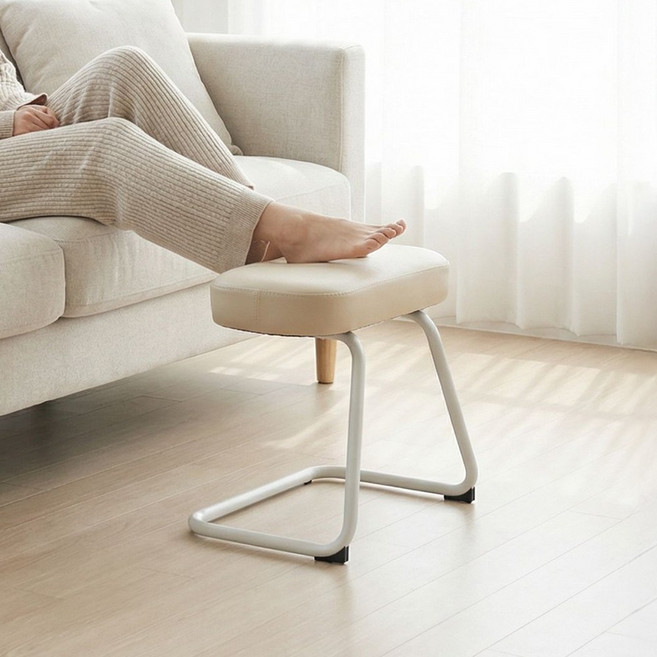 올인홈 책상 발받침대 발판 사무실 스툴 컴퓨터 발받침 다리받침대 풋레스트 스탠드형 3011, 베이지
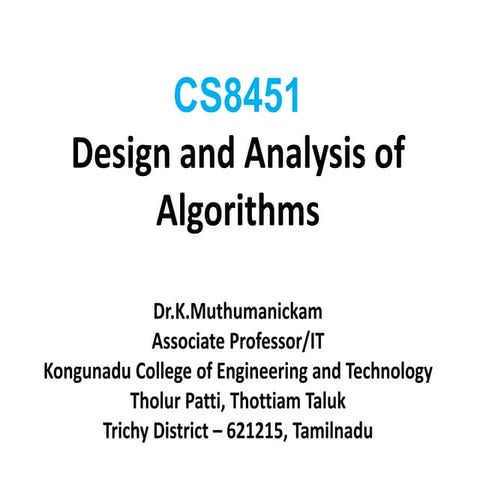 Case Study(Analysis of Algorithm.pdf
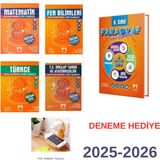 Mozaik Yayınları 8.sınıf Türkçe Matematik Fen Inkılap ve Paragraf Kurumsal Deneme ve Priz Telefon Tutucu Hediye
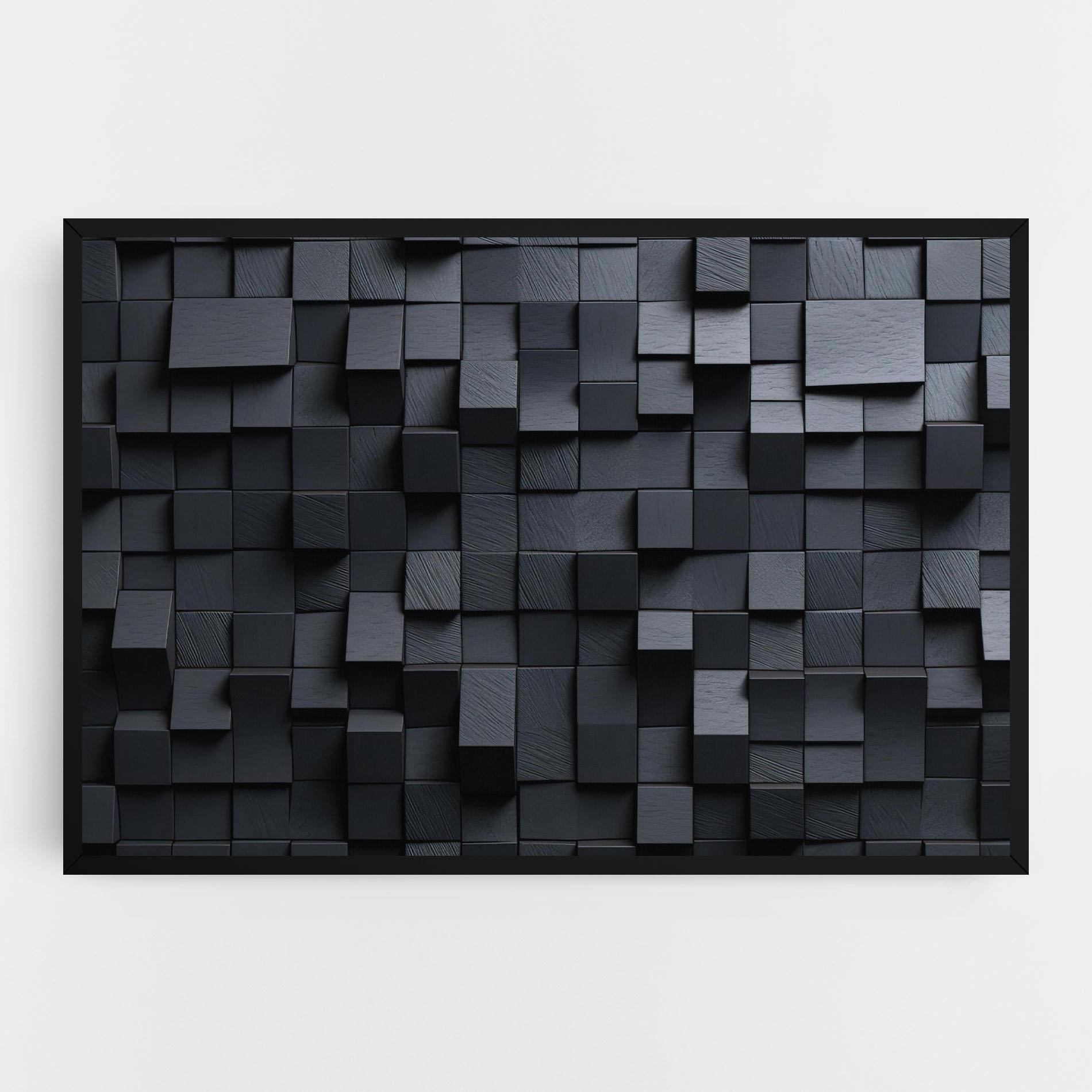 Obraz na Płótnie Black Square Pattern mockup 0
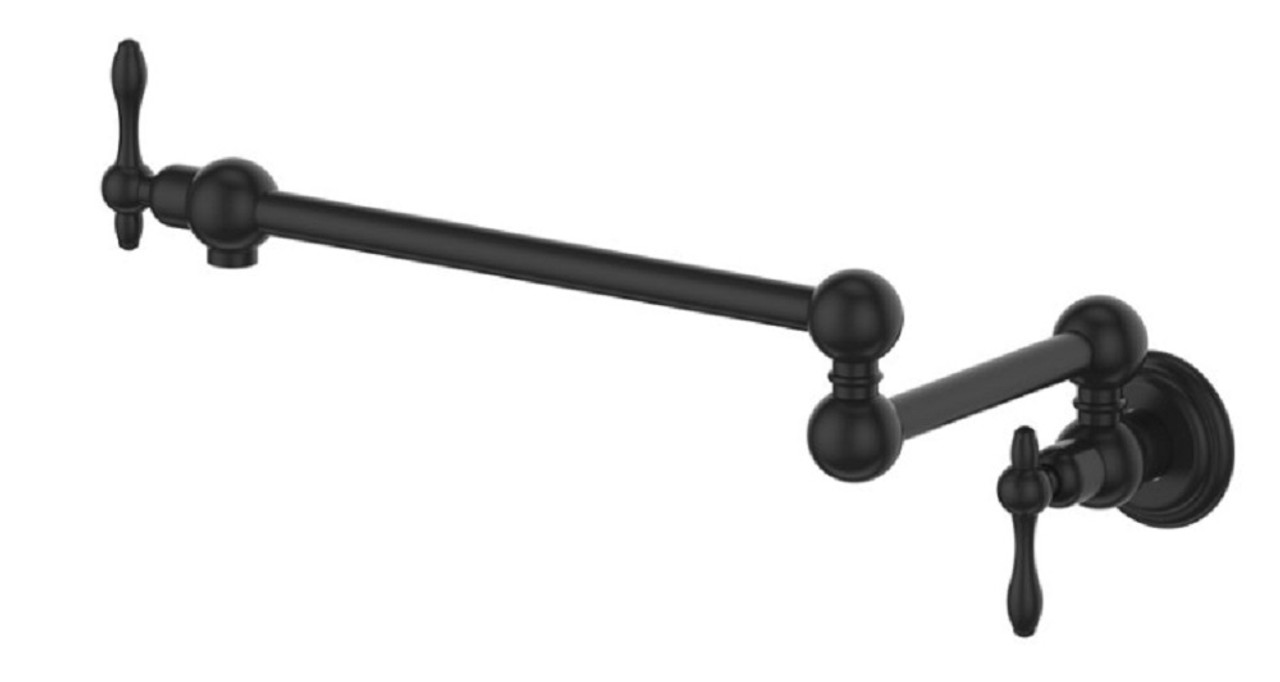 Zline REM-FPF-MB Rembrandt Pot Filler Faucet Fixture, Matte Black Finish [New]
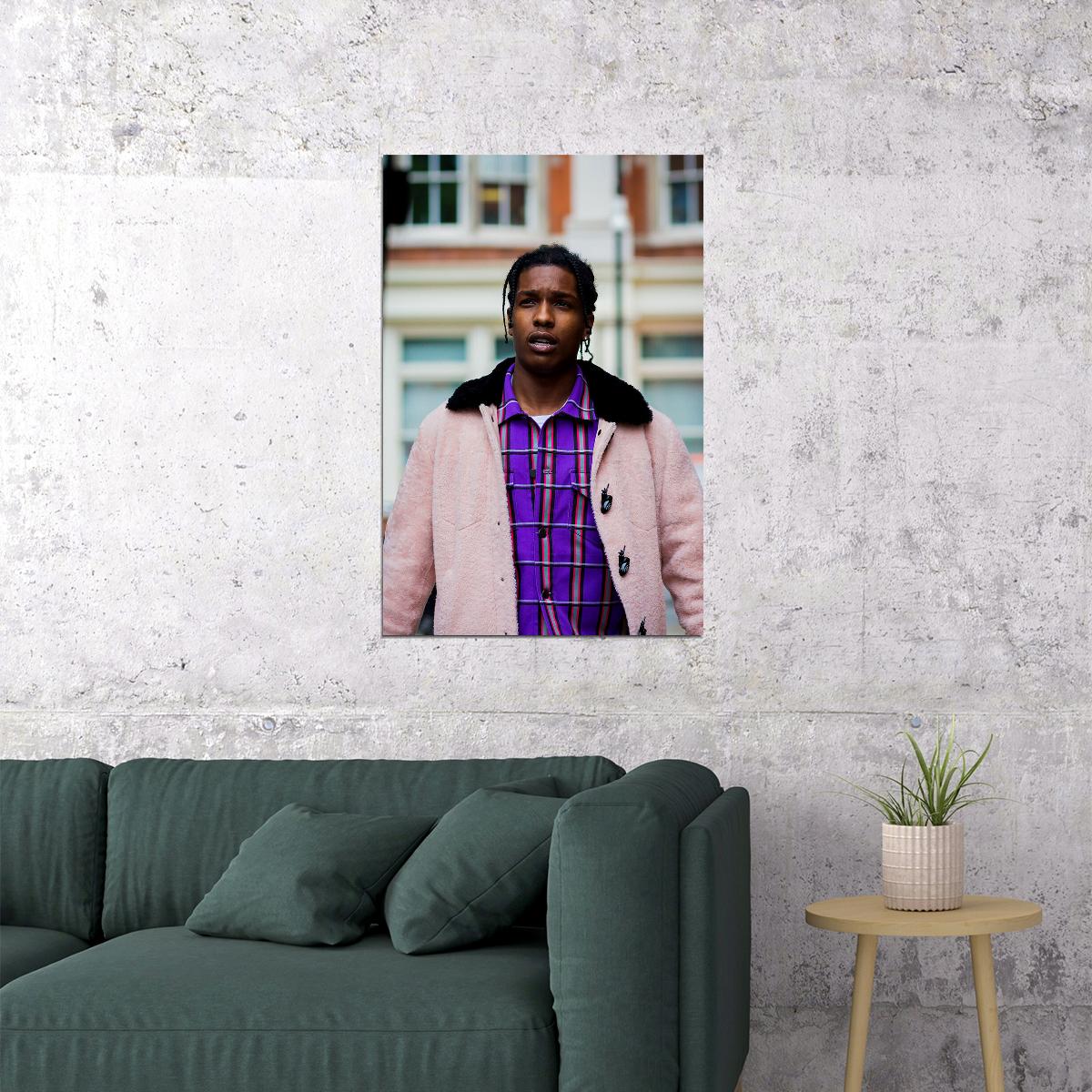 Modern Asap Rocky Rap Singer Artist Poster Wall Art Print Home Wall Decor - xonomax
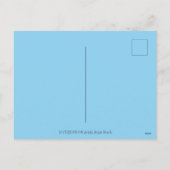 月のバレンタイン·スターズ·アンド·ハート シーズンポストカード (裏面)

------------

The task =>
Starting at the line that contains "Modern Asap Rocky", retype every line through the end of the material exactly as written, including both end lines but no pictures.

Solution to the exercise =>
 Modern Asap Rocky Rap Singer Artist Poster Wall Art Print Home Wall Decor - xonomax
 月のバレンタイン·スターズ·アンド·ハート シーズンポストカード (裏面)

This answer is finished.